Continuiamo a fare i conti in tasca a chi, con l’invasione del Mezzogiorno, risolse non pochi dei suoi problemi finanziari. Trovando anche le risorse per finanziare le guerre contro gli stessi meridionali…
A cura di Franco Busalacchi
Gli avvenimenti del 1860, dal 1 gennaio sino al 7 settembre (giorno dell’ingresso di Garibaldi in Napoli), costarono al Regno delle Due Sicilie la somma di 55.248.618,79 lire, mentre il Piemonte, in quello stesso anno, aumentava il suo debito di altri 150 milioni di lire. Seguiva l’anno 1861 ed il Regno d’Italia s’inaugurava a Torino con un altro debito di 500 milioni di lire. A questa cifra andò ad aggiungersi il disavanzo che, dal 7 settembre 1860 al 31 dicembre 1861, fu accumulato di governi dittatoriale garibaldino, prima, e luogotenenziale sabaudo, dopo, pari a 127.496.812 lire.
A conti fatti, alla fine dell’anno 1861, il debito pubblico piemontese aveva raggiunto i 2 mila milioni di lire, una cifra astronomica per quei tempi, specialmente per un piccolo Stato come il Piemonte. Inoltre, al Sud, con un terzo della totale popolazione italiana, circolava il doppio di moneta che nel resto d’Italia messo insieme. In particolare, al momento dell’annessione, le Due Sicilie possedevano 443.200.000 di lire-oro, mentre tutti gli altri Stati pre-unitari insieme ne avevano 225.200.000; il Regno di Sardegna, in particolare, possedeva appena 27.000.000 di lire-oro. Ma c’è di più. Nel Regno di Piemonte, le riserve auree garantivano solamente un terzo della carta-moneta circolante (vale a dire che 3 lire di carta valevano 1 sola lira d’oro); nelle Due Sicilie, invece, venivano emesse principalmente monete d’oro e d’argento, e le riserve coprivano interamente quel poco di valuta cartacea ivi esistente. La valuta piemontese era, quindi, carta straccia, mentre quella napoletana era solidissima e convertibile per sua propria natura: una moneta borbonica aveva un suo valore intrinseco, in quanto la quantità d’oro o d’argento in essa contenuta aveva valore pressoché uguale a quello nominale. In parole povere, mentre il Regno delle Due Sicilie era pieno di soldi, il Piemonte era pieno di debiti, tanto che, senza tema di smentita, possiamo affermare che l’impoverimento del Meridione per arricchire il Nord non fu la conseguenza, ma la ragione dell’Unità d’Italia. E solamente da questo punto di vista la spedizione dei Mille può essere considerata come un… «investimento» per i piemontesi! Oltremodo appropriata appare la colorita affermazione di Giacinto de’ Sivo: «…Torino fe’ debiti per 24 volte più di noi… e Torino, più non avendo da mangiare, venne a mangiar Napoli».

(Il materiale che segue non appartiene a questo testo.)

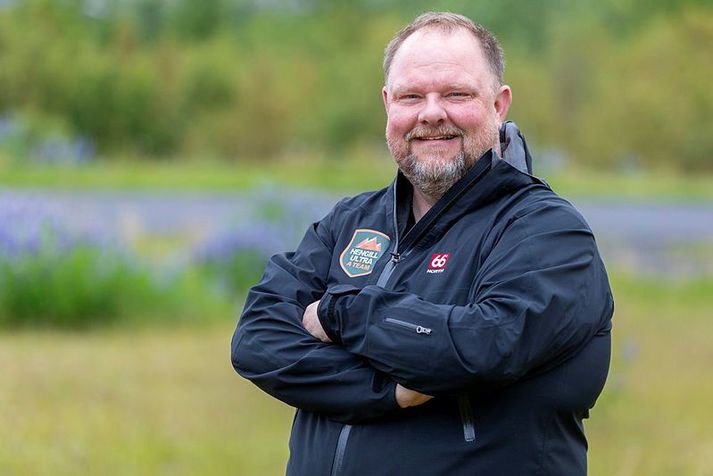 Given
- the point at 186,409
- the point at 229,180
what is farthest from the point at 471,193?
the point at 229,180

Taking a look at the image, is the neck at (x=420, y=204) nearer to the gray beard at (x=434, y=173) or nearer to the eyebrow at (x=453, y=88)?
the gray beard at (x=434, y=173)

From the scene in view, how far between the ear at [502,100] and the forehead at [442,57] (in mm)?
70

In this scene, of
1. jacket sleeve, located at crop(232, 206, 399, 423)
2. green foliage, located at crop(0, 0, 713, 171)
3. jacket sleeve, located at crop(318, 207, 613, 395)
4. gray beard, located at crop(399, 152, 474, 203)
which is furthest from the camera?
green foliage, located at crop(0, 0, 713, 171)

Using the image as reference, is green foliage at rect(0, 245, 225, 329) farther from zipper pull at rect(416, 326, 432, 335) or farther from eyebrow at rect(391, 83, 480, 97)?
zipper pull at rect(416, 326, 432, 335)

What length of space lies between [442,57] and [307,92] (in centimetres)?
2470

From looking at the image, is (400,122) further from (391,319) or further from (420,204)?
(391,319)

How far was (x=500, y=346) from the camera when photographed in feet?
Answer: 9.34

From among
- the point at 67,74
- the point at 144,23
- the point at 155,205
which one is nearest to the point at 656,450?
the point at 155,205

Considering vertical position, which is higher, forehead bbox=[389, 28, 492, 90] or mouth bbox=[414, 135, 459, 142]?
forehead bbox=[389, 28, 492, 90]

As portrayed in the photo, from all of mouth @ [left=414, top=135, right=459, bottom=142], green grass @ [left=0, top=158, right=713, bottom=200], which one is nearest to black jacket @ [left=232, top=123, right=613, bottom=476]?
mouth @ [left=414, top=135, right=459, bottom=142]

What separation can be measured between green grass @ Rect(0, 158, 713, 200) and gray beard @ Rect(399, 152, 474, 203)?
17067mm

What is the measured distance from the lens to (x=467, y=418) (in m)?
2.97

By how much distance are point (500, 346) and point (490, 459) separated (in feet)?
0.96

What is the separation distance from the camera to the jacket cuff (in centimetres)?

Infatti, «senza il saccheggio del risparmio storico del Paese borbonico, l’Italia sabauda non avrebbe avuto un avvenire. Sulla stessa risorsa faceva assegnazione la Banca Nazionale degli Stati Sardi. La montagna di denaro circolante al sud avrebbe fornito 500 milioni di monete d’oro e d’argento, una massa imponente da destinare a riserva, su cui la banca d’emissione sarda, che in quel momento ne aveva soltanto per 100 milioni, avrebbe potuto costruire un castello di carta-moneta bancaria alto 3 miliardi…», scriveva Zitara, per poi concludere: «insomma, per i piemontesi, il saccheggio del Sud era l’unica risposta a portata di mano, per tentare di superare i guai in cui s’erano messi».
In sostanza, il Sud fu costretto a pagare tutte le spese di guerra del Piemonte, anche quelle sostenute per combattere i meridionali stessi! Sotto il profilo squisitamente storico degli avvenimenti, è ormai stucchevole la solita vulgata risorgimentalista, da Calatafimi (la vittoria comprata),alla conquista di Palermo conseguita da 3,000 garibaldini mentre 25.000 soldati borbonici venivano lasciati in caserma e non fatti scendere in campo.